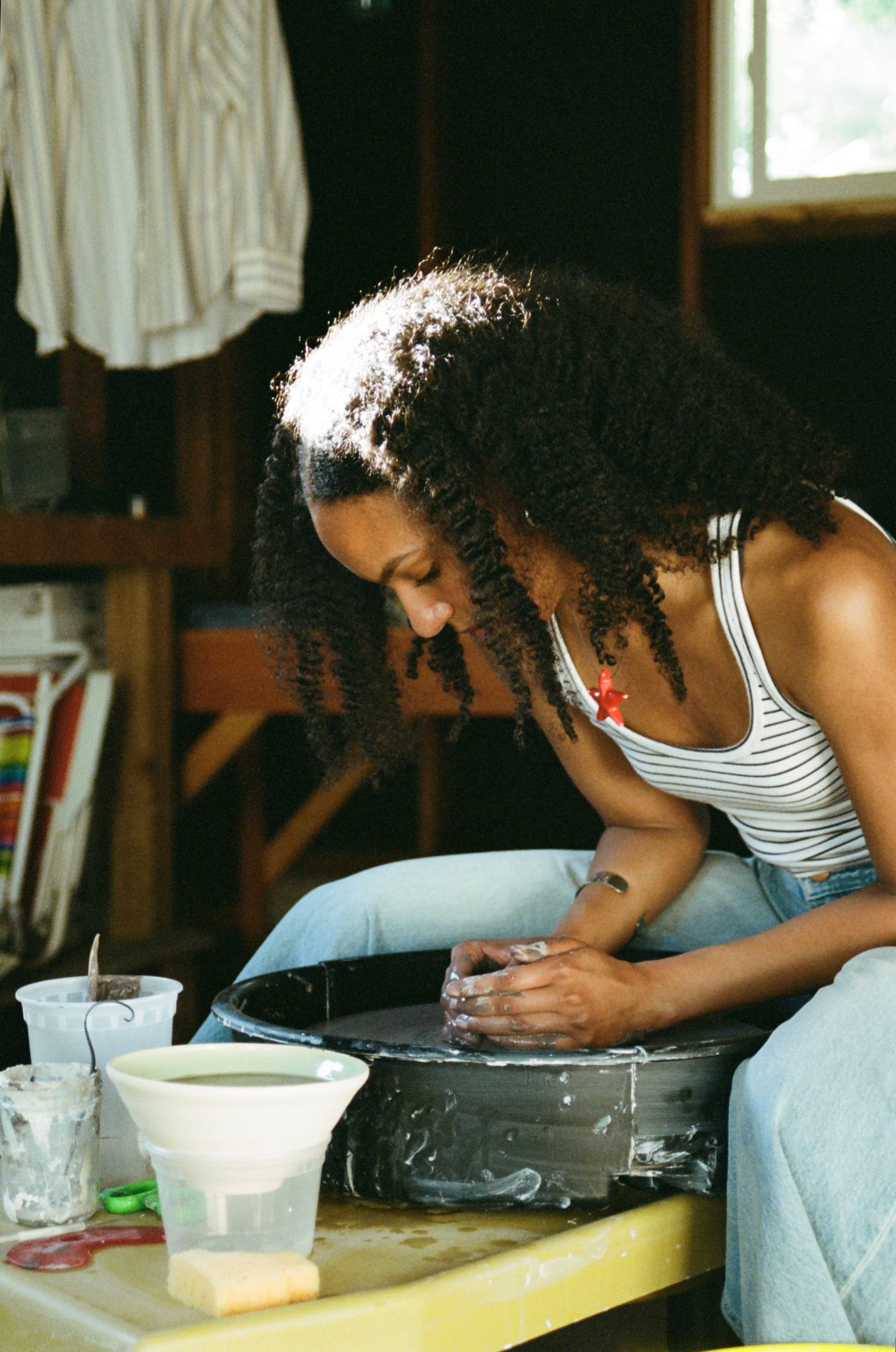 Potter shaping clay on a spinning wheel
--------
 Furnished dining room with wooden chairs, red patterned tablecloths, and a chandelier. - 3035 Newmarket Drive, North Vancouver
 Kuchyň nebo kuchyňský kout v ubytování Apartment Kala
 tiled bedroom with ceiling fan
--------
### [Task statement]
Write out only the lines that run from the line containing "Kuchyň nebo kuchyňský" through the line containing "tiled bedroom with ceiling fan", both included, exactly as they appear above.

### [Your response]
 Kuchyň nebo kuchyňský kout v ubytování Apartment Kala
 tiled bedroom with ceiling fan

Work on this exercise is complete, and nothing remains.